**MATERIAL PROVIDED**:
Segment Open

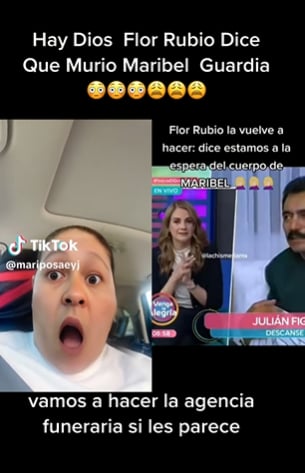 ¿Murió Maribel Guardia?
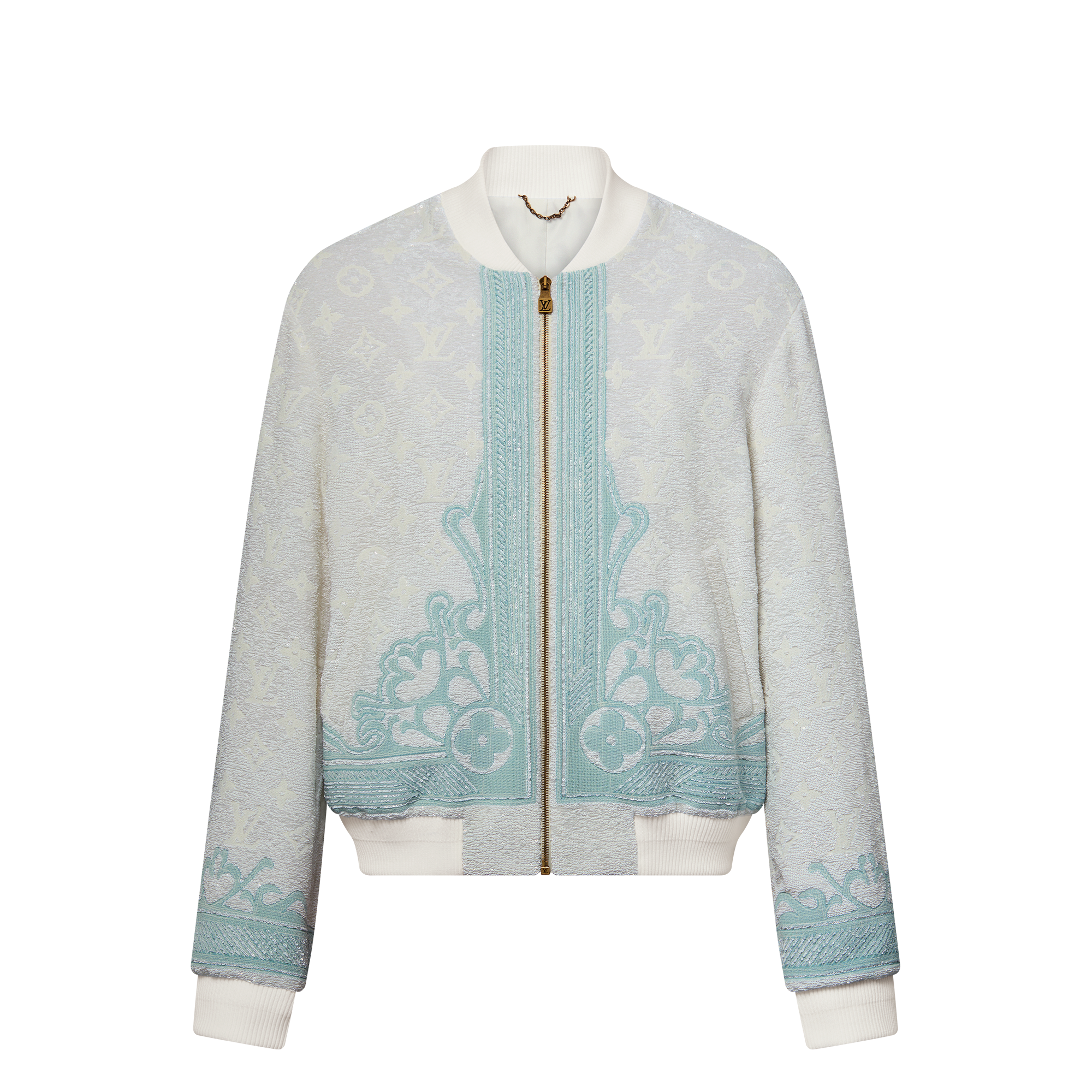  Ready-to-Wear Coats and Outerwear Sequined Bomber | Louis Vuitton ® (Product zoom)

Segment Closed
Segment Open

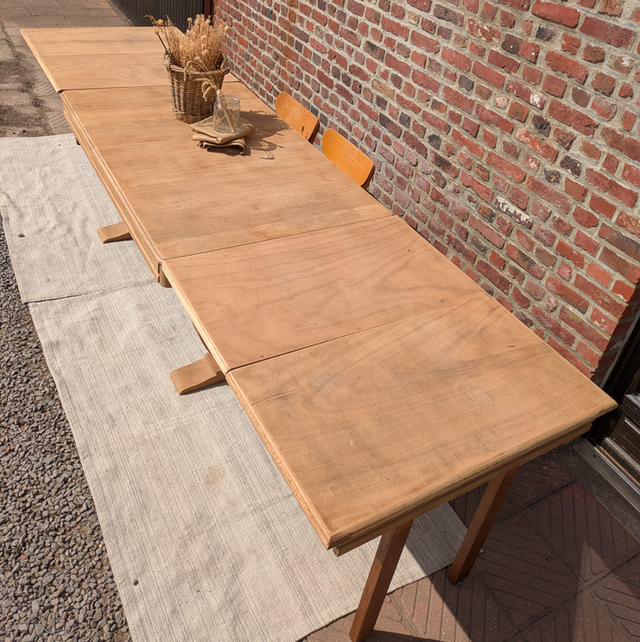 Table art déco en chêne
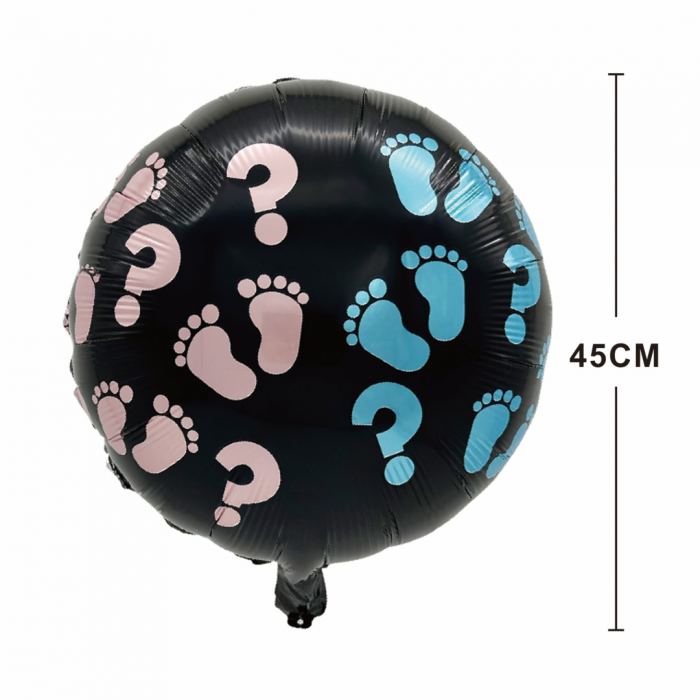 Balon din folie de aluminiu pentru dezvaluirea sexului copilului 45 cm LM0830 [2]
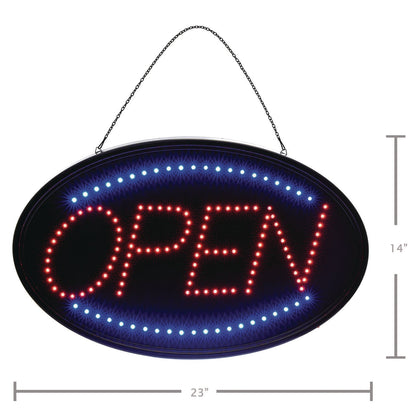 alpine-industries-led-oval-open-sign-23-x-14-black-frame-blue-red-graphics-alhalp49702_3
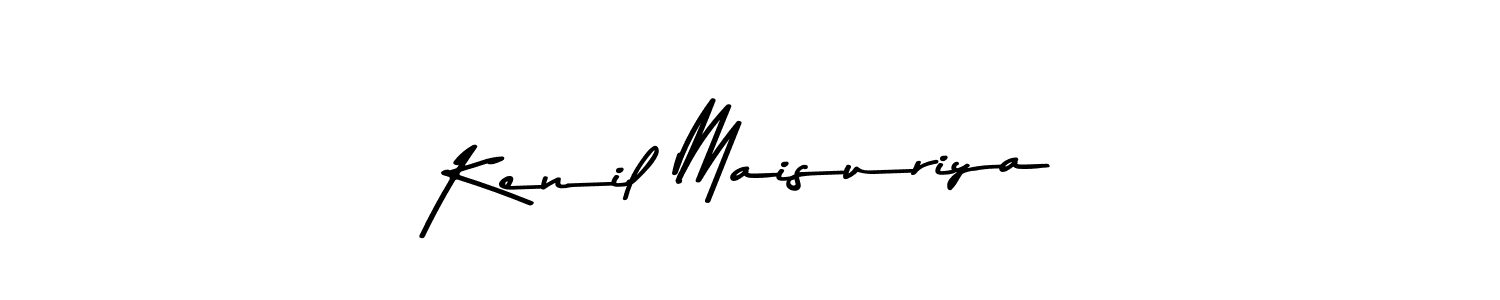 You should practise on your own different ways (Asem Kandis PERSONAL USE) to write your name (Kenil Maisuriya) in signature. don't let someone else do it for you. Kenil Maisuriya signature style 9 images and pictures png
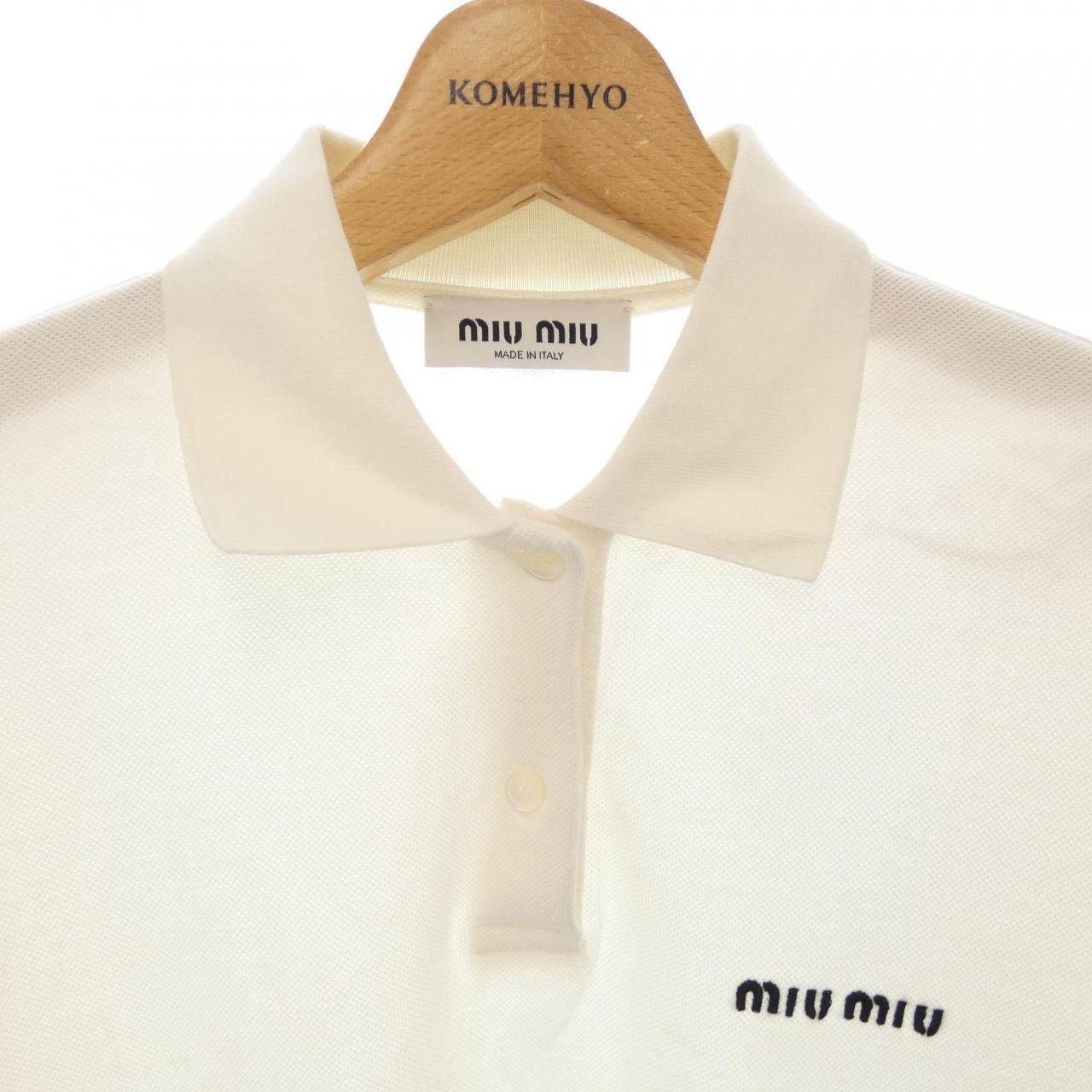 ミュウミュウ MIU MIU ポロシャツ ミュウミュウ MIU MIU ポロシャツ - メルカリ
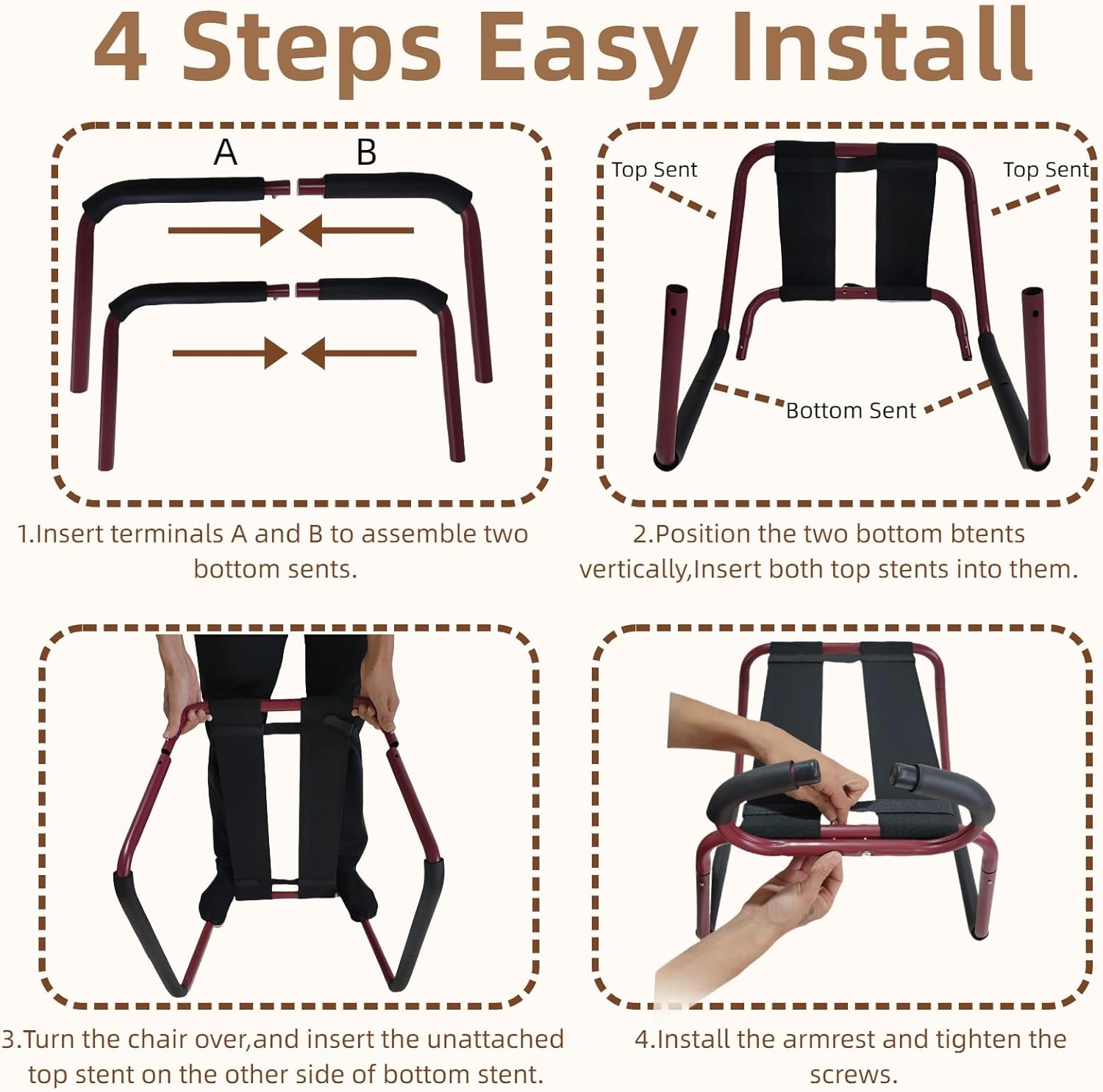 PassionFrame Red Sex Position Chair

Segment Closed
Segment Open

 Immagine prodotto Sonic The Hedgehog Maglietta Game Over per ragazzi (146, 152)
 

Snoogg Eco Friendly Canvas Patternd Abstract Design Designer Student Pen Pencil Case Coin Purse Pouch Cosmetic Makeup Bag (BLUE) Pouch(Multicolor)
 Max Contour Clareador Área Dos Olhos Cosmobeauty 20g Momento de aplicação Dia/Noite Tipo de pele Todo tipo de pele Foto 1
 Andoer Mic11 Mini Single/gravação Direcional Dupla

Segment Closed

Look above and copy only the lines from the one holding "Balon din folie" to the one holding "PassionFrame Red Sex Position Chair", both included, exactly, minus the pictures.

**PROBLEM SOLUTION**:
 Balon din folie de aluminiu pentru dezvaluirea sexului copilului 45 cm LM0830 [2]
 alpine-industries-led-oval-open-sign-23-x-14-black-frame-blue-red-graphics-alhalp49702_3
 You should practise on your own different ways (Asem Kandis PERSONAL USE) to write your name (Kenil Maisuriya) in signature. don't let someone else do it for you. Kenil Maisuriya signature style 9 images and pictures png
 ミュウミュウ MIU MIU ポロシャツ ミュウミュウ MIU MIU ポロシャツ - メルカリ
 PassionFrame Red Sex Position Chair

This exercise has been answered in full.